EMC morphs Hadoop elephant into SQL database Hawq
Learning to live with HDFS instead of kicking it to the curb
EMC has accomplished a remarkable bit of inter-species husbandry, marrying the Hadoop elephant to a Greenplum to birth an SQL-speaking Hawq.
The Hadoop big-data muncher has been sitting side-by-side with relational databases used in transaction processing and data warehousing systems, but they speak very different languages. Sure, you can use the Hive SQL-like data warehousing overlay for the Hadoop Distributed File System (HDFS), but queries are not necessarily fast. And if you want speed, you can use the Project Impala distributed query engine for Hive, announced by Cloudera  last October to speed up Hive's SQL-like queries.
But what you really want to do is teach that Hadoop elephant to just speak SQL. Period. You want to take all of the inherent scalability and replication benefits of HDFS and allow it to be tickled with any standard SQL query or any tool that speaks SQL – it is, for the most part, the language of business analysts.
That, in a nutshell, is what EMC's Greenplum folks say they have done with Project Hawq, a multi-year effort at the EMC data warehousing and Hadoop unit that, according to Greenplum cofounder and senior director of products Scott Yara, draws on the ten years of foundational research and development that brought the Greenplum massively parallel relational database into existence and made it a contender against alternatives from Teradata, IBM, Oracle, and others.
Project Hawq, the SQL database layer that rides atop of HDFS rather than trying to replace it with a NoSQL data store, will be part of a new Hadoop package that EMC is calling Pivotal Hadoop Distribution, or Pivotal HD for short.
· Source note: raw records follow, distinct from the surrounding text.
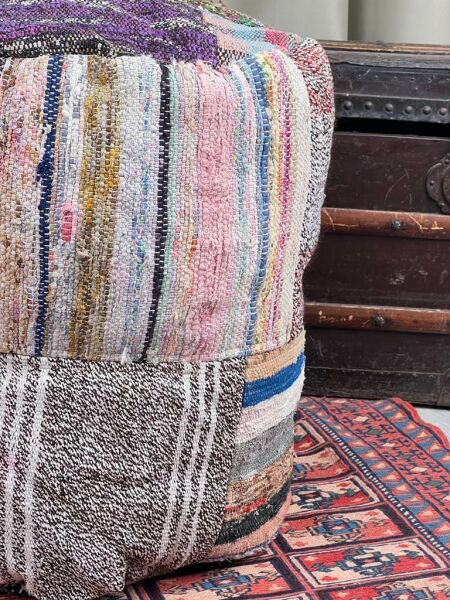 Nostaljik Kilim Puf Ölçü Çap 45 Cm Yükseklik 42 Cm
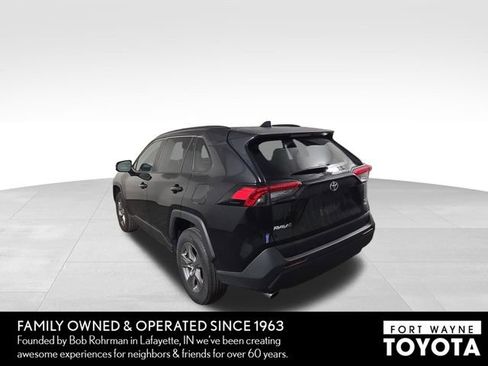 Used 2025 Toyota RAV4 XLE AWD/4WD image 9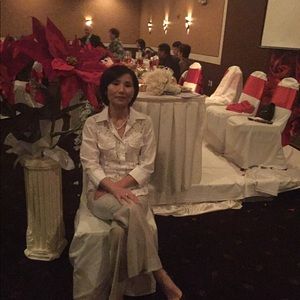 Meet your Posher, Gulia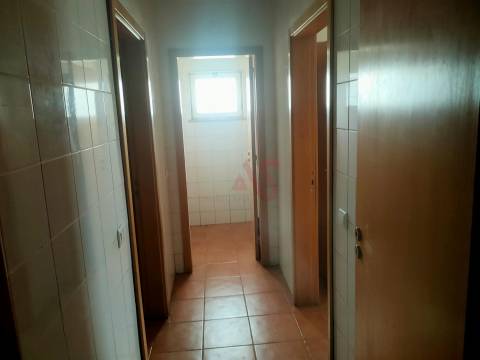 Loja com 332,6 m2, em Albufeira &#124; a 10 minutos da praia &#124; Inserido no Edifício Albufeira Parque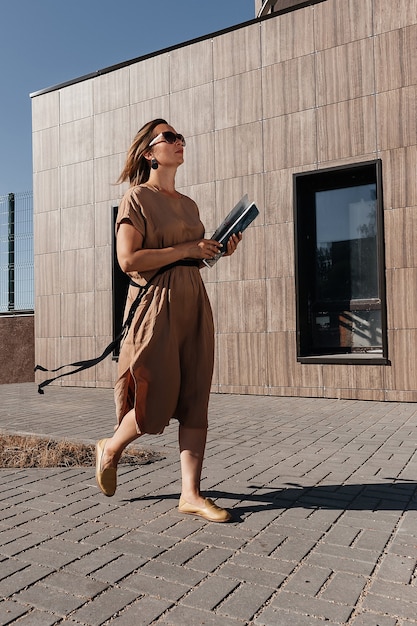 Photo une femme d'affaires prospère. le style d'une femme d'affaires.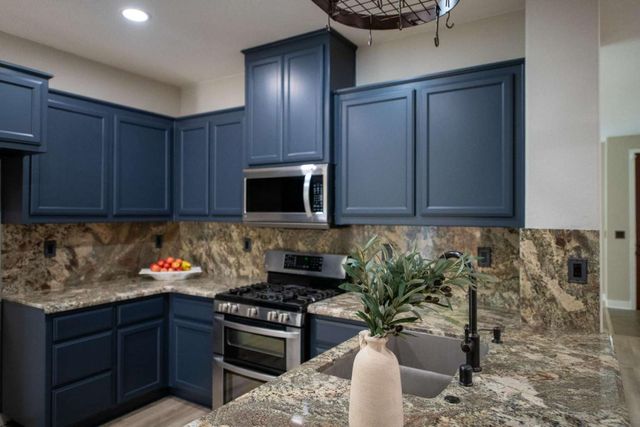 4972 Madamin Way, Sacramento, CA 95835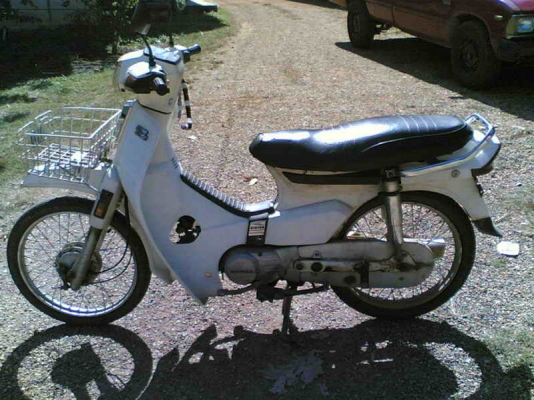 ขายดรีมคุรุสภา Noเล่มออกใบซื้อขายให้ รถเดิมๆอะไหร่ครบเครื่องเยี่ยม ขาย 7900 บาท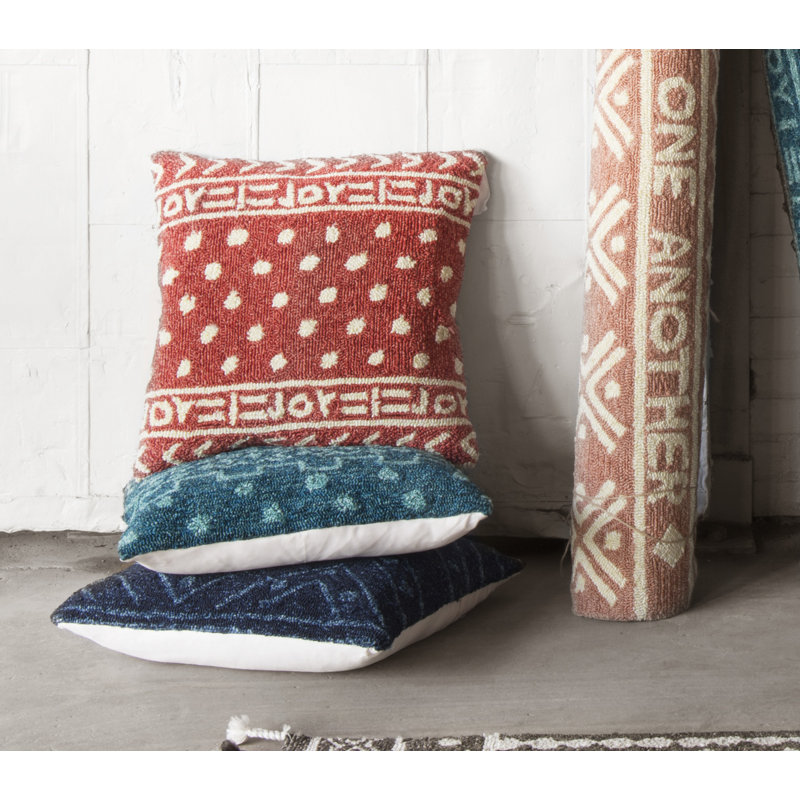 Indoor/Outdoor 22" Throw Pillow, Down/Feather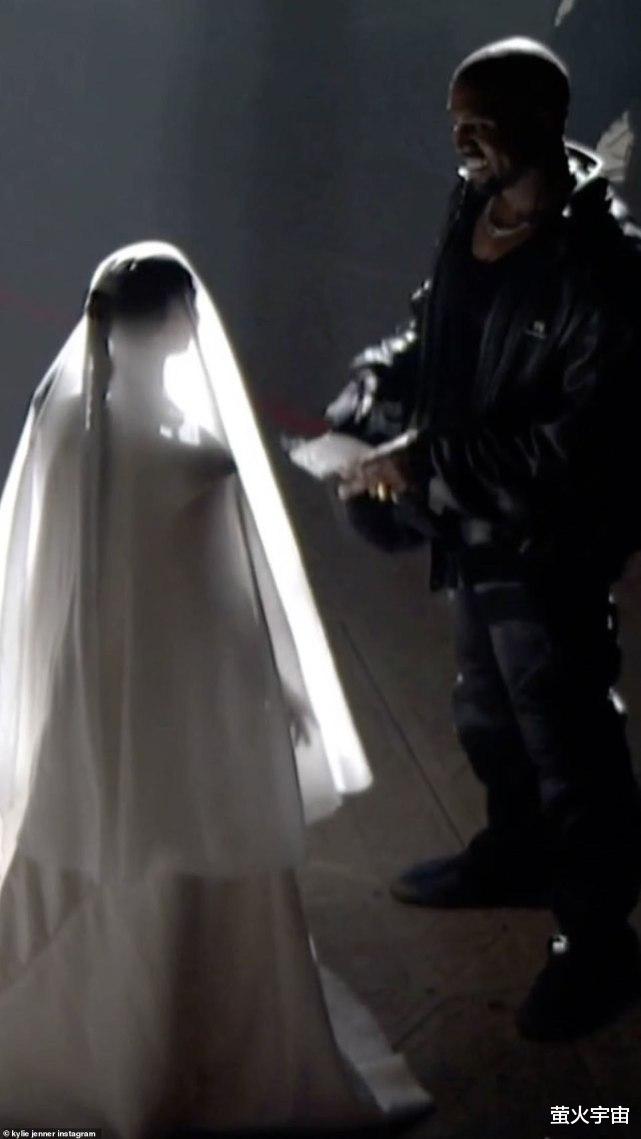 金·卡戴珊|金·卡戴珊穿“婚纱”惊艳前夫演唱会，侃爷合不拢嘴，手牵手离场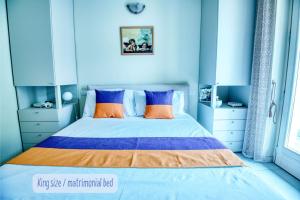 Posteľ alebo postele v izbe v ubytovaní Panorama lake view, pool & garden, 2 bathrooms, kingsize & single-beds, fast Internet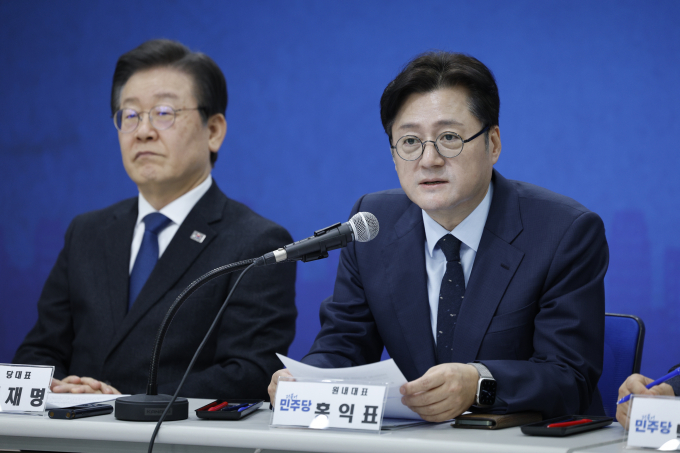 홍익표 더불어민주당 원내대표가 오는 29일 본회의에서 선거구 확정이 이뤄져야 함을 강조했다. 사진은 홍 원내대표(오른쪽)가 26일 인천 남동구 민주당 인천시당에서 열린 현장 최고위원회의에 참석해 모두 발언을 하는 모습. /사진=뉴스1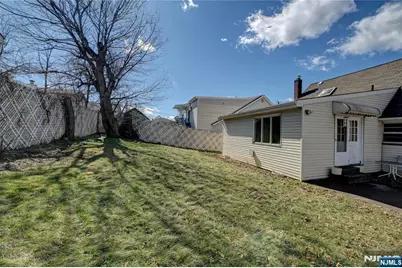 274 Gaston Avenue, Garfield, NJ 07026 - Photo 27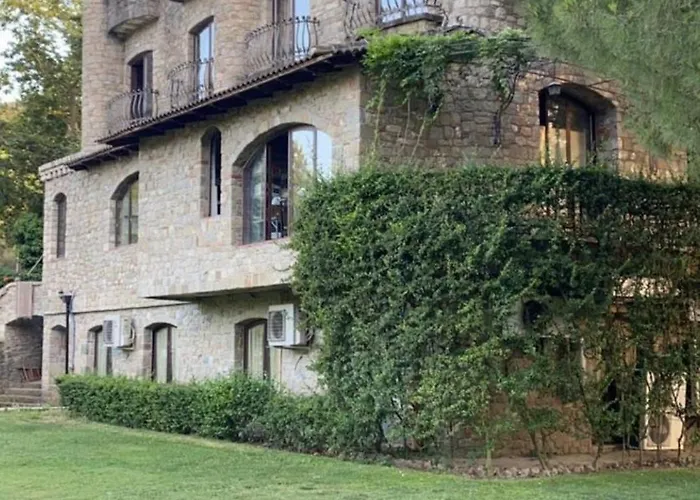 Otel Keshtjella M&d , Ndoq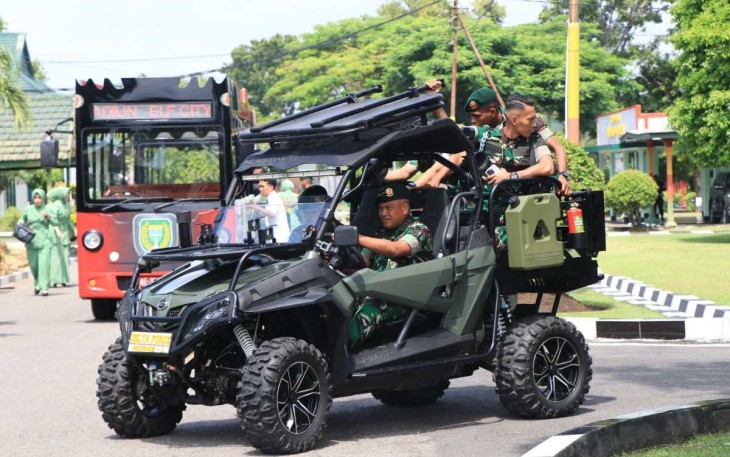 Pangkostrad saat Kunjungi Yonif 501 Kostrad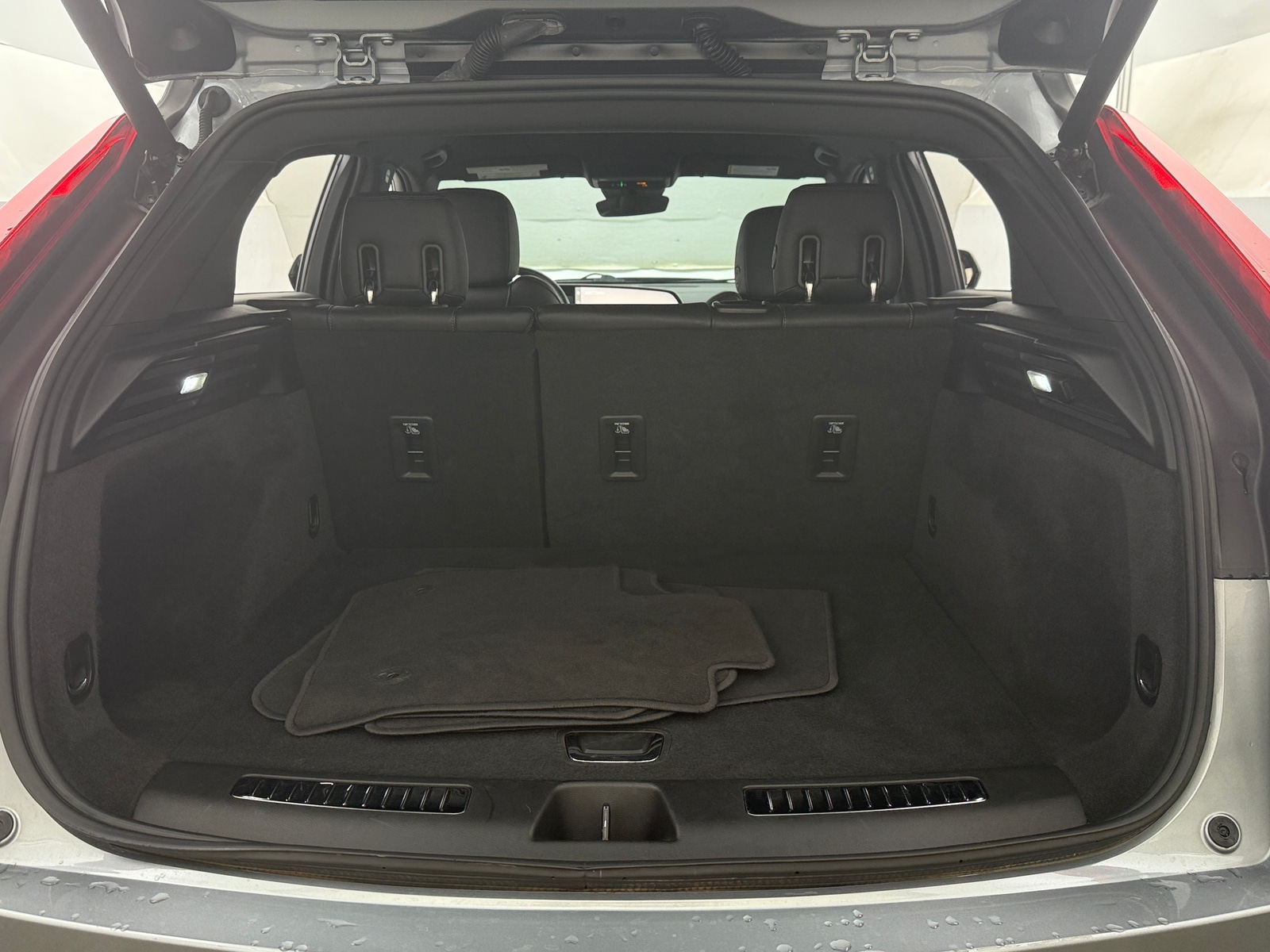 Thumbnail: 2024 Cadillac XT4 - 6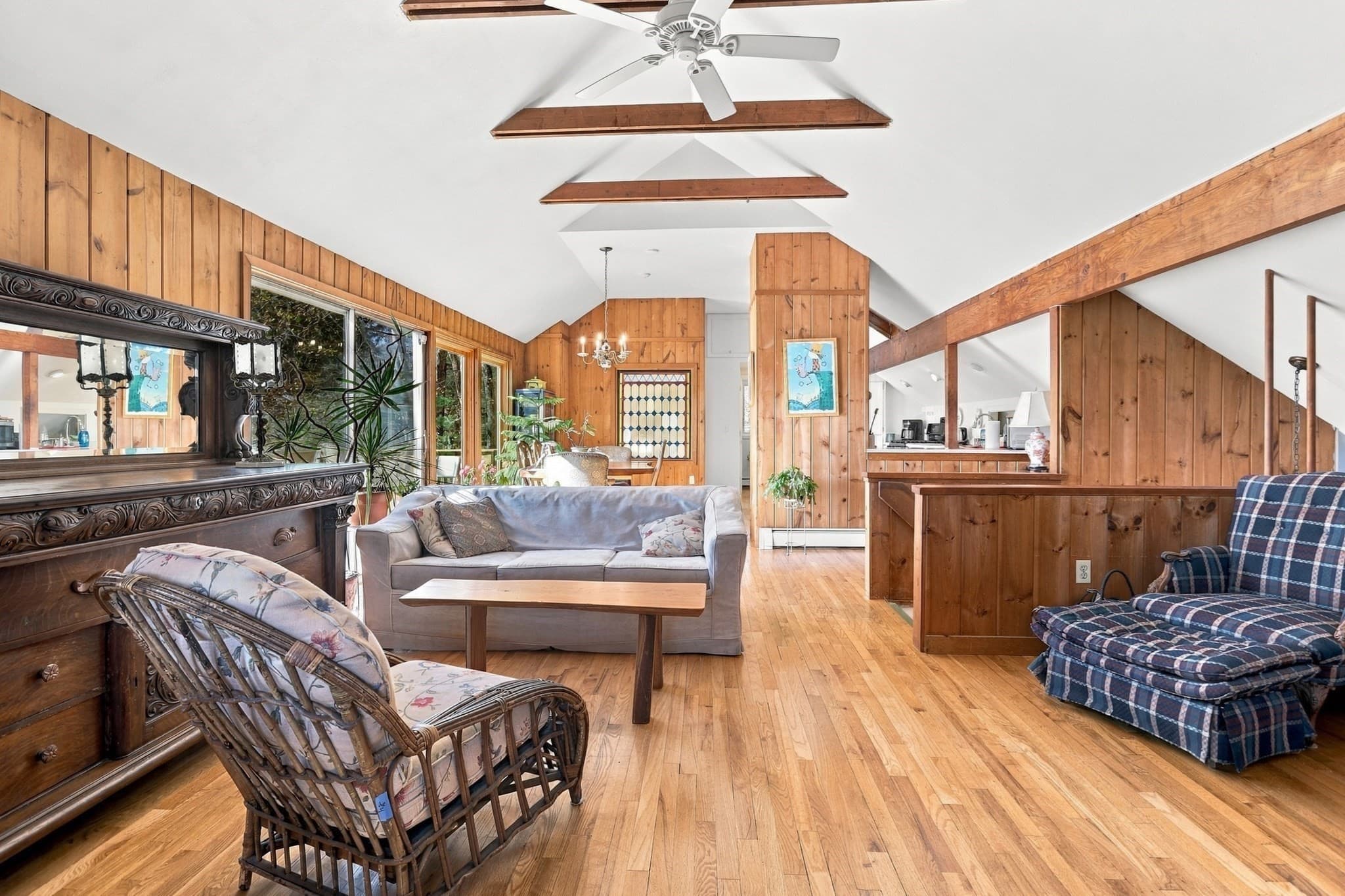 Single Family Residence at 716 Martins Pond Rd, Groton MA 01450, photo 8 of 31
Greenplum cofounder and EMC database guru Scott Yara
That name is significant. Greenplum is part of the Pivotal Initiative, which EMC said  back in December it was creating to mash up its parallel database, Hadoop, application frameworks, and a few other assets into one division.
The Pivotal name comes from the agile programming outfit that Greenplum used to help with some coding on its management software and that EMC decided to acquire  last March when it rolled out and open sourced its Chorus management tool for Greenplum databases and Hadoop.
The Pivotal HD distribution was announced at an event in San Francisco on Monday, but the Pivotal division, the creation of which is the first major act of EMC chief strategy officer Paul Maritz after he stepped down  as CEO of VMware in July 2012, has yet to be formally launched.
A Hawq riding an elephant steps on an Impala
The Pivotal HD rollout from EMC is based on the open source Apache Hadoop 2.0 stack, with lots of goodies ripped from the guts of the Greenplum parallel database and adjacent tools woven in for good measure.
It's not clear if EMC will open source all of these technologies, and that is one of the things El Reg will be pestering the company about. It is hard to call which way EMC will go, but considering that there is a Pivotal HD Community Edition, a free distribution used for experimentation, an Enterprise Edition that does not have the SQL-on-HDFS database feature but does have enterprise-grade support for a fee, and an add-on to the Enterprise Edition called Pivotal Advanced Database Services that adds this SQL query capability to data stored in HDFS, it doesn't look like EMC will be open sourcing the Greenplum family jewels.
The reason is that Project Hawq is the family jewels, although Yara called them the "crown jewels" in his launch presentation, saying that the database extensions to HDFS have been in development for over two years by an engineering team of more than 300 people. This, Yara said, was the largest Hadoop development team on the planet, and said several times that EMC "was all-in on Hadoop" because the company believed that Hadoop would be the foundation of a new "data fabric".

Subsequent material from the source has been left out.